Set the whole listing down again, word for word, with no pictures.

● GIVEN INFORMATION
++++++
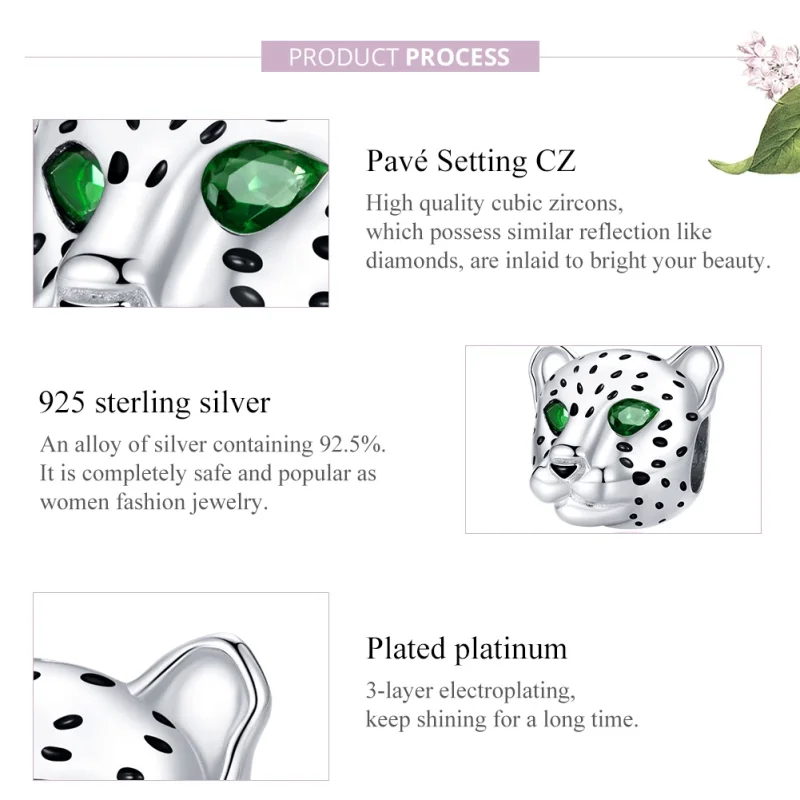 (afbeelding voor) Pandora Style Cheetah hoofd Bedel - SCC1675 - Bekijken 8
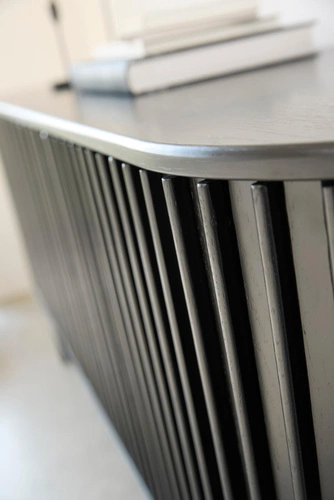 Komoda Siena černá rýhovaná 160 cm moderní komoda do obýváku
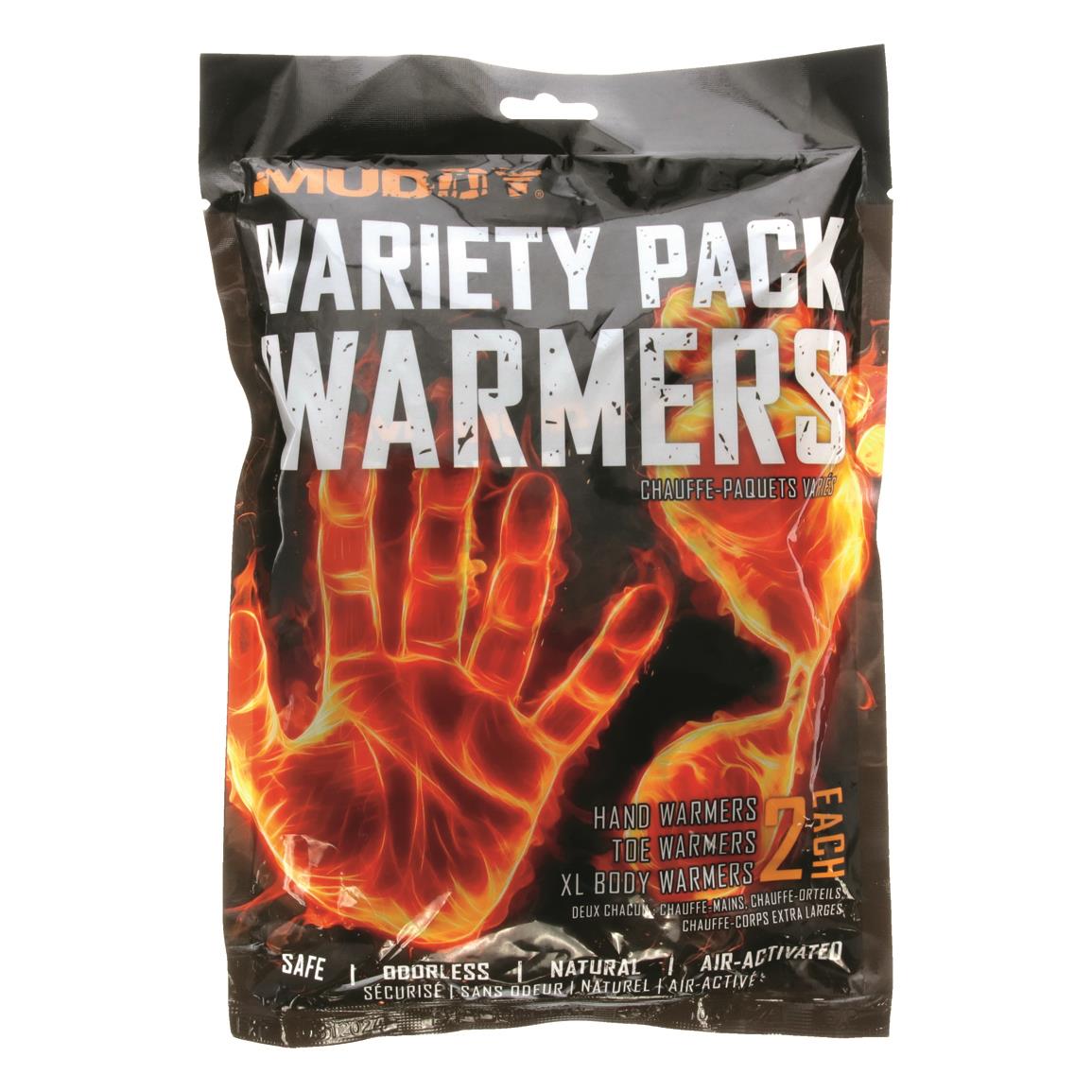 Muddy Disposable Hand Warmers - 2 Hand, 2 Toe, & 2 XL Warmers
++++++
● ANSWER BELOW
 (afbeelding voor) Pandora Style Cheetah hoofd Bedel - SCC1675 - Bekijken 8
 Komoda Siena černá rýhovaná 160 cm moderní komoda do obýváku
 Muddy Disposable Hand Warmers - 2 Hand, 2 Toe, & 2 XL Warmers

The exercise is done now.